Beginning with the line that includes "Gucci Tote in Tela GG Wave" and ending with the last line, print the records exactly, leaving every picture out.

## Scraped caption text data:
= Beginning of Section =
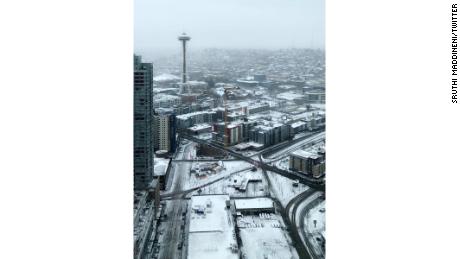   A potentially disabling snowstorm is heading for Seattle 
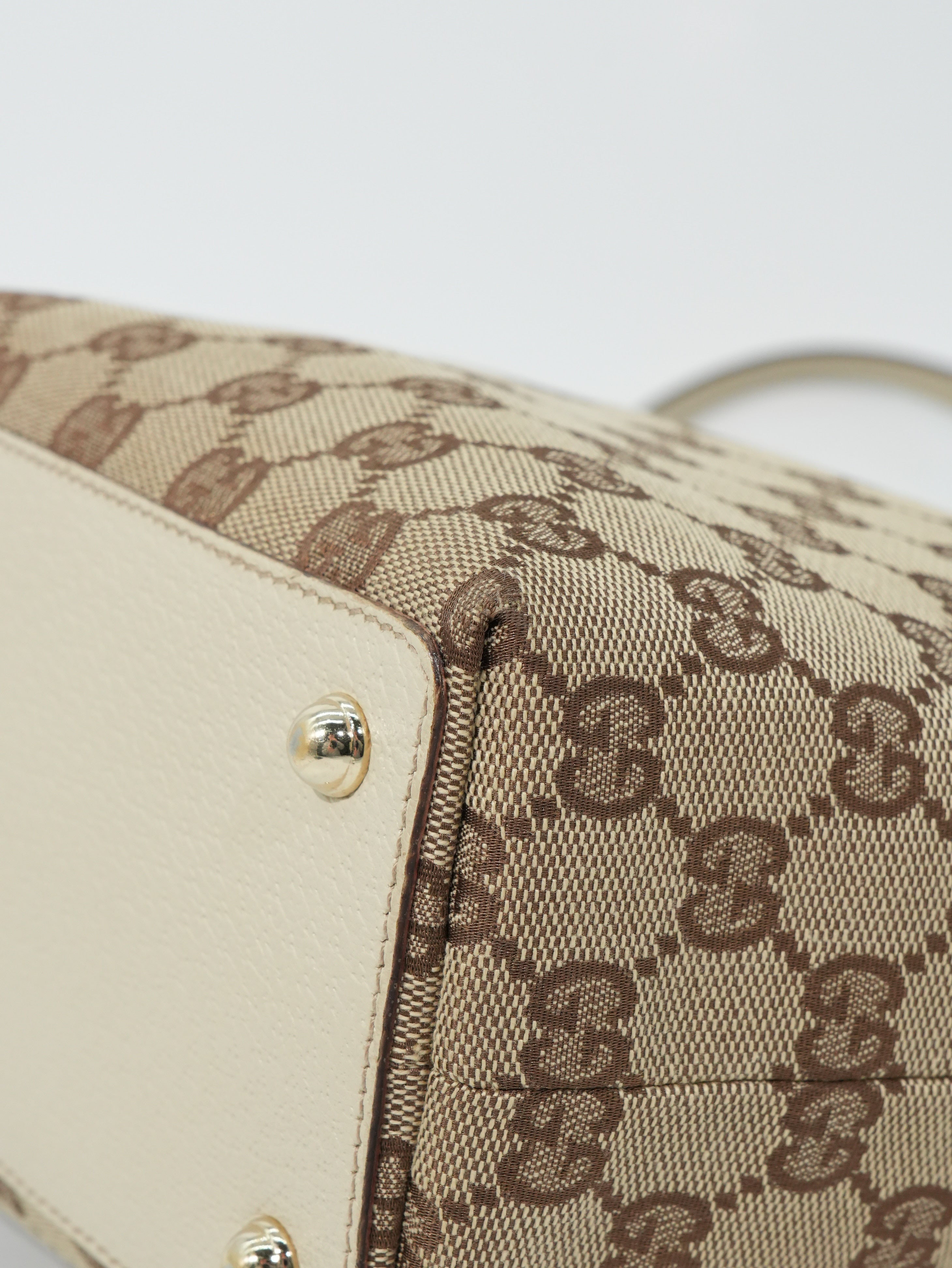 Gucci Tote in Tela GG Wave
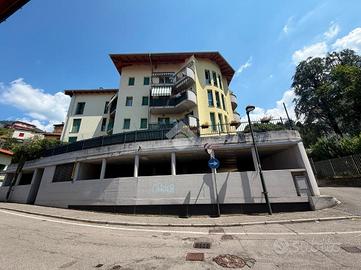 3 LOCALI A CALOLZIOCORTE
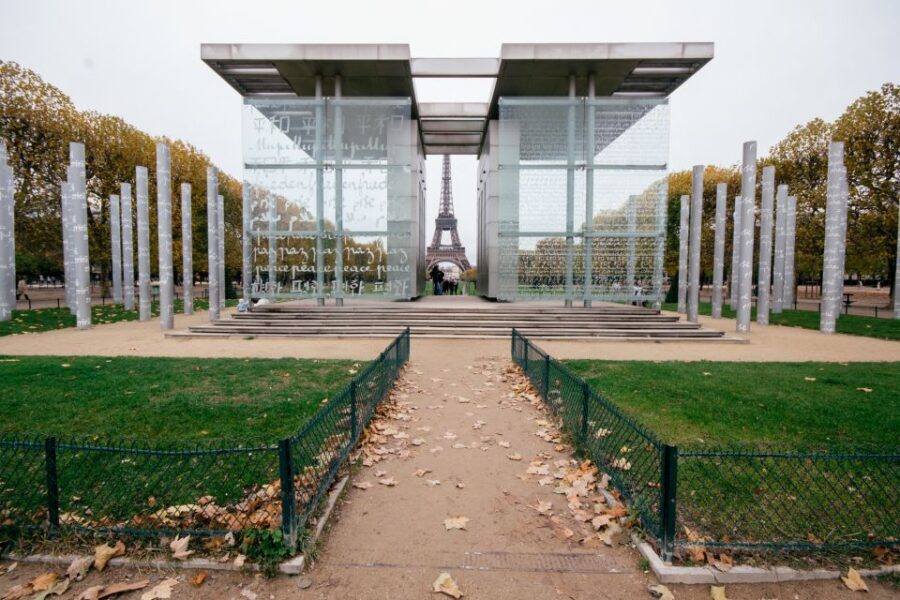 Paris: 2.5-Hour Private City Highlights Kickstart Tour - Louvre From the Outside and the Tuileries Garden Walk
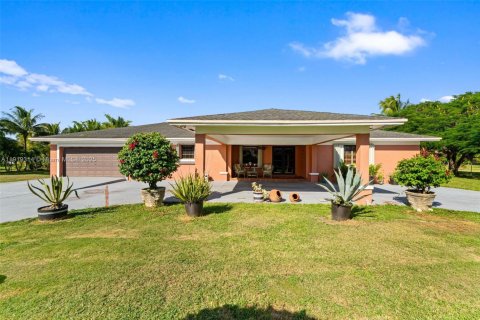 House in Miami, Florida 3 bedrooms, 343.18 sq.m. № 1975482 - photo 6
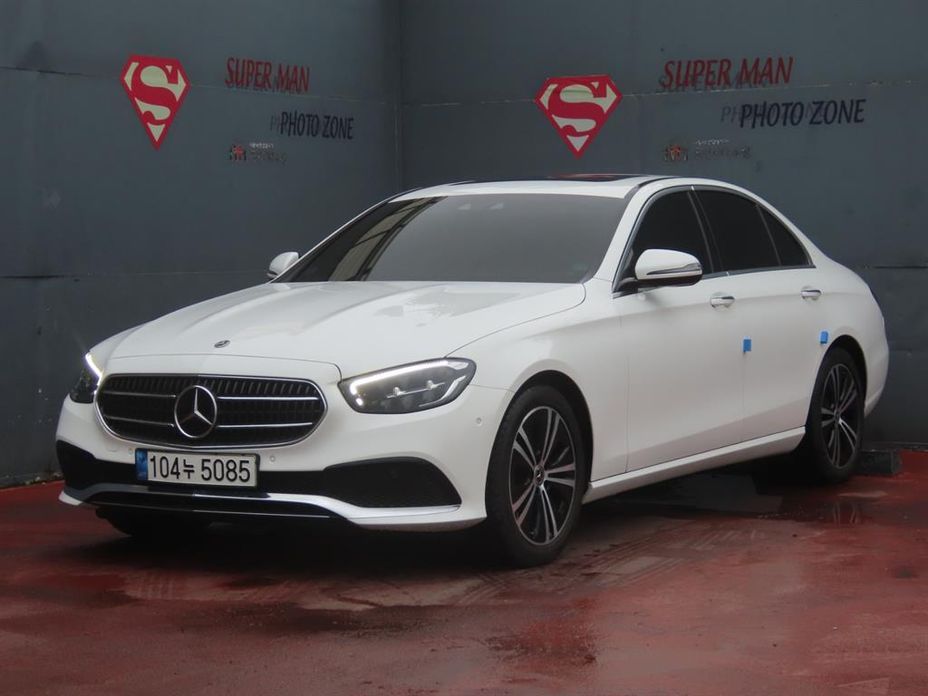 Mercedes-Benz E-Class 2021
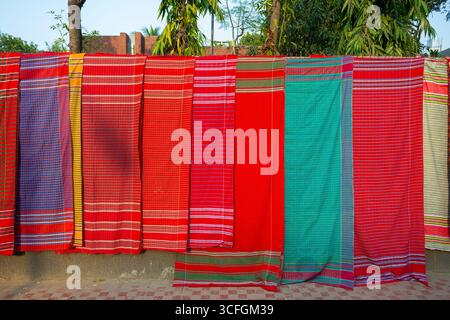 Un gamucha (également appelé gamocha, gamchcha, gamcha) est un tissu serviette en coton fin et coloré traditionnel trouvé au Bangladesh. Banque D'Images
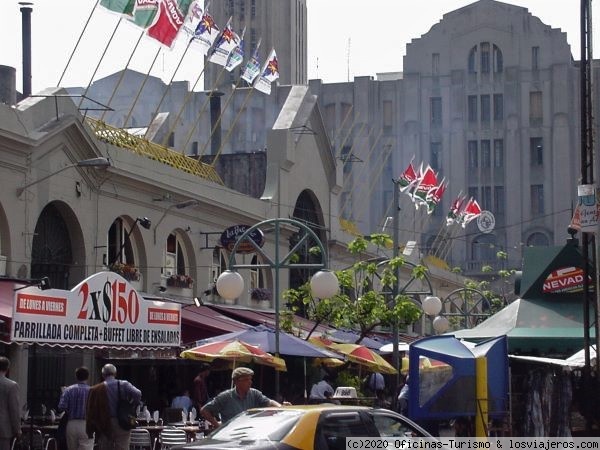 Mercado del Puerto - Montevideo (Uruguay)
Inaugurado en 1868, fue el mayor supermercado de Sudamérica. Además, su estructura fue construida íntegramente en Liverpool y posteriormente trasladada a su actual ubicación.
= End of Section =
## Task response:
 Gucci Tote in Tela GG Wave
 3 LOCALI A CALOLZIOCORTE
 Paris: 2.5-Hour Private City Highlights Kickstart Tour - Louvre From the Outside and the Tuileries Garden Walk
 House in Miami, Florida 3 bedrooms, 343.18 sq.m. № 1975482 - photo 6
 Mercedes-Benz E-Class 2021
 Un gamucha (également appelé gamocha, gamchcha, gamcha) est un tissu serviette en coton fin et coloré traditionnel trouvé au Bangladesh. Banque D'Images
 Mercado del Puerto - Montevideo (Uruguay)
Inaugurado en 1868, fue el mayor supermercado de Sudamérica. Además, su estructura fue construida íntegramente en Liverpool y posteriormente trasladada a su actual ubicación.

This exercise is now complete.